Sweeney Todd: The Demon Barber of Fleet Street

DreamWorks
Movie ••• Picture •••• Sound •••• Extras ••

With serial killers all the rage (in both fiction and reality), there's always room for one more mad slasher. And the peerless Johnny Depp, sounding like Capt. Jack Sparrow gone off his meds, turns in another masterful performance here as the razor-wielding Sweeney Todd. But this is a Tim Burton film, which means there's the nagging sense throughout that everything there is to see is right on the surface. The result is a gaping hole at the movie's heart that even Depp can't fill, despite an able assist from Sacha Baron Cohen as the preening rival barber Pirelli. Todd is worth a look, but more as a curiosity than anything else - like peering in at a sideshow pinhead.

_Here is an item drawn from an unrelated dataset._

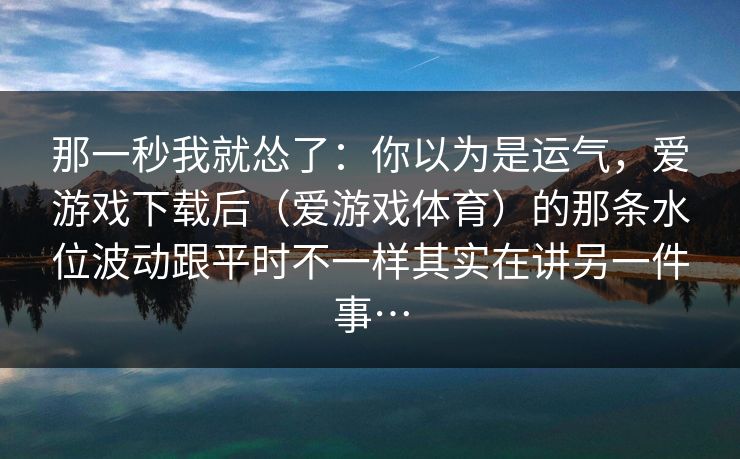 那一秒我就怂了：你以为是运气，爱游戏下载后（爱游戏体育）的那条水位波动跟平时不一样其实在讲另一件事…
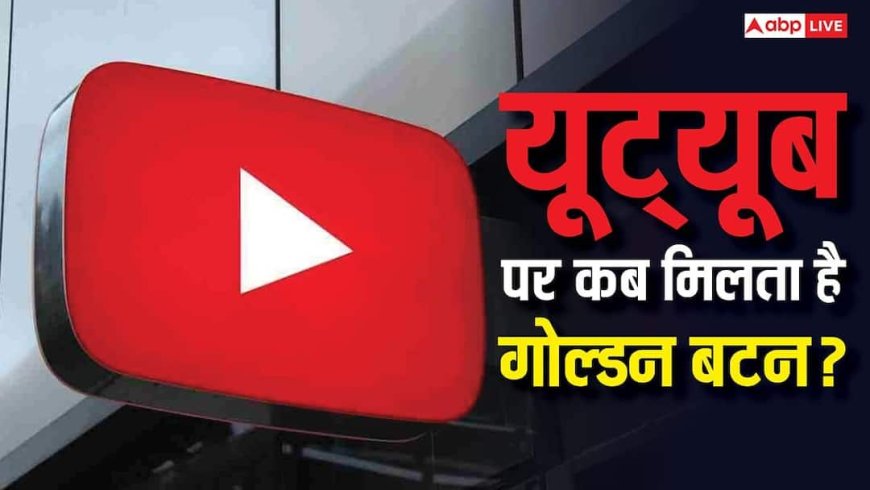 YouTube पर 1 लाख व्यूज पर कितनी कमाई होती है? जानिए कब दिया जाता है गोल्डन बटन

A terrific transfer is true to the film's slick moodiness - maybe too true, revealing more of the pervasive CGI work's artifice than the makers intended. The crisp, clean soundtrack is similarly double-edged, showing off the legendary Stephen Sondheim score to great effect but also rendering the flaws in some of the singers' performances about as painful as a session under Sweeney's knife.

In this Special Edition, there's no commentary track, but given the redundant (and often giggly) remarks in the disc-and-a-half worth of documentary extras, that's a blessing. Things start to get interesting, though, when the discussion turns to the working-class origins of the Sweeney Todd legend and of Grand Guignol - fertile territory that Burton, sadly, leaves unexplored.